Lidokain pun disiapkan untuk membius Melati supaya tidak terasa sakit di daerah perlukaannya. Walau tidak menangis, Melati terlihat gelisah karena tangannya berulang kali mencengkram lengan ibunya. Kami pun mencoba menenangkan.
Melihat jarum suntik yang akan disuntikkan, Melati menelungkupkan kakinya. Wajar saja dia takut karena dia baru saja merasakan pengalaman buruk di daerah tersebut.

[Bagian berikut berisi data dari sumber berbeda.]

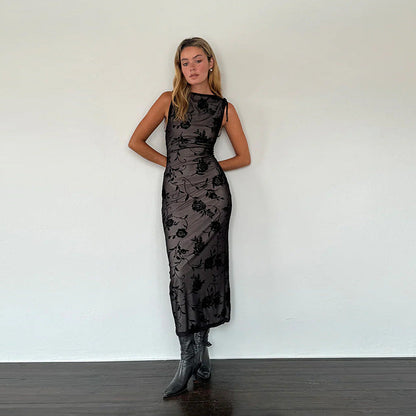 Damen Maxikleid Ärmellos Floralmuster Spitze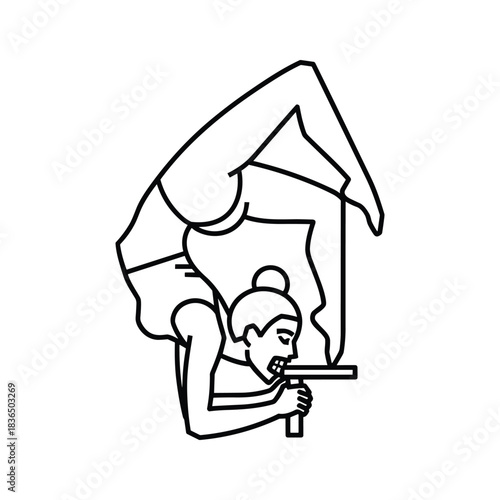 Contortionist balancing t-square on mouth with body flexibility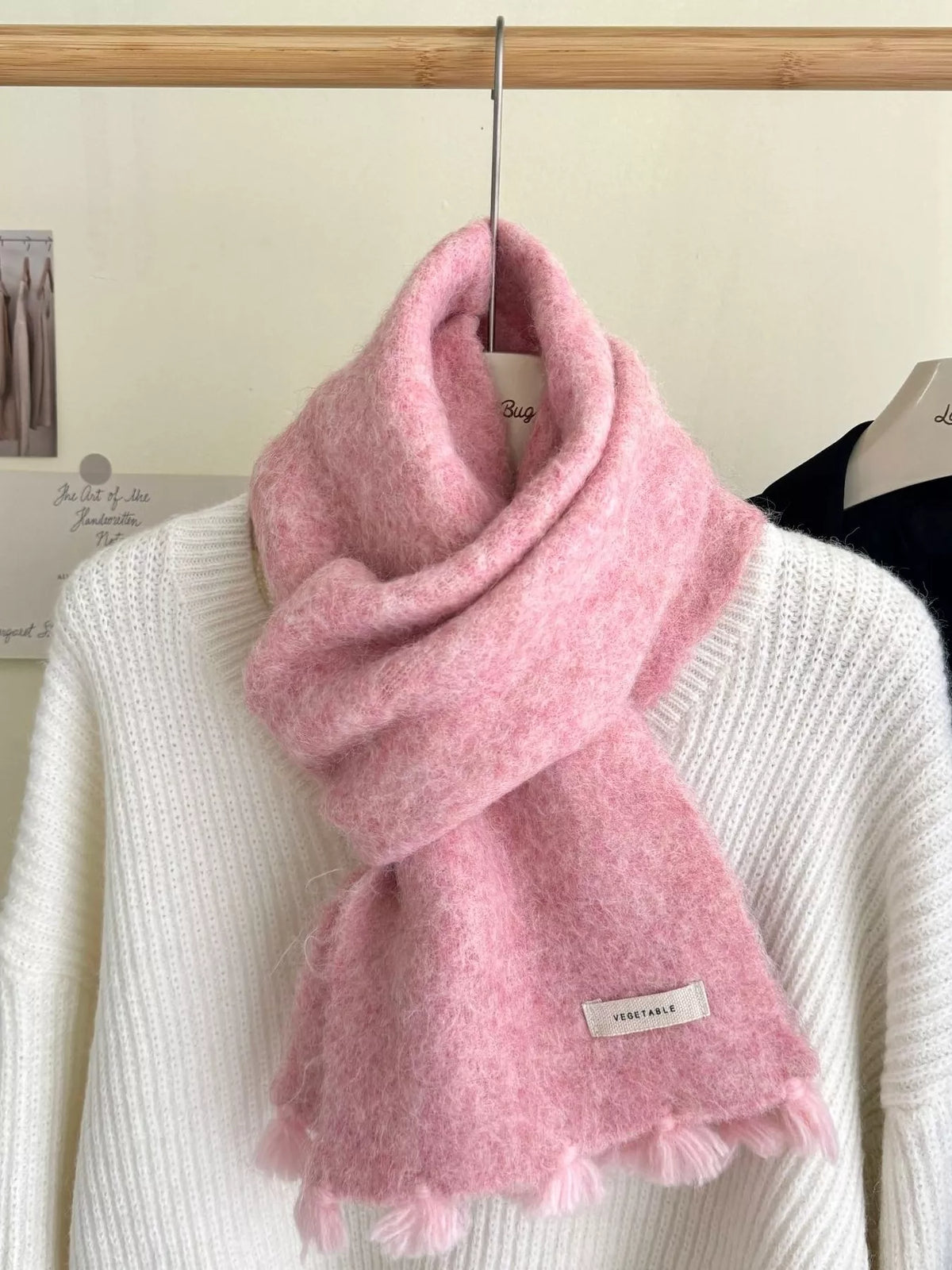 Wool Tassel Knitted Scarf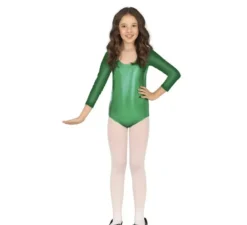 Body o maglia a maniche lunghe verde metallizzato per bambini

"Ya sudah tidak perlu dijahit." Sang Dokter pun menangguhkan penjahitan. Beliau hanya memasukkan obat antiseptik dan kasa kecil di dalamnya untuk menghentikan perdarahan.
"Kirim ke bangsal dan evaluasi perdarahannya. Besok laporkan semuanya."
"Baik, Dok." Itu suara residen kandungan kami.
Lalu, Sang Dokter menuliskan beberapa resep untuk mengurangi rasa sakit pada Melati. Kasus Melati pun usai karena keesokan paginya saya dengar keluarganya sudah membawanya pulang lantaran tidak ada lagi perdarahan. Padahal pemeriksaan yang kami lakukan belum usai sepenuhnya. Keluarga hanya tidak ingin memperpanjang masalah dan ingin Melati cepat pulang. Kami tidak dapat memaksa. Bagaimanapun terkadang ilmu pengetahuan masih kalah dengan adat istiadat atau apalah paham yang dipercaya oleh sebagian masyarakat.
Saya masih menghela napas berat. Berharap tidak akan ada kejadian serupa yang menimpa Melati-Melati lain di luar sana. Juga mendoakan semoga Melati baik-baik saja dan dapat mengobati traumanya dengan alamiah. Dia masih beruntung mendapatkan pertolongan pertama saat darah masih mengalir deras, bagaimana dengan yang lain yang mungkin hanya bisa pasrah saat orang-orang terdekat bahkan mungkin keluarganya sendiri melakukan kekerasan seksual dan memaksanya tutup mulut. Jadi, buat yang pengin jadi penjahat, silakan, tapi jangan jadi penjahat kelamin apalagi pedofilia! Nggak ada untungnya! Saya sumpahin impoten loh!
Avis,dr
Mengenang Melati ketika melihat gadis muda di sini menikah karena adat, bahkan dengan lelaki yang jauh beda usianya.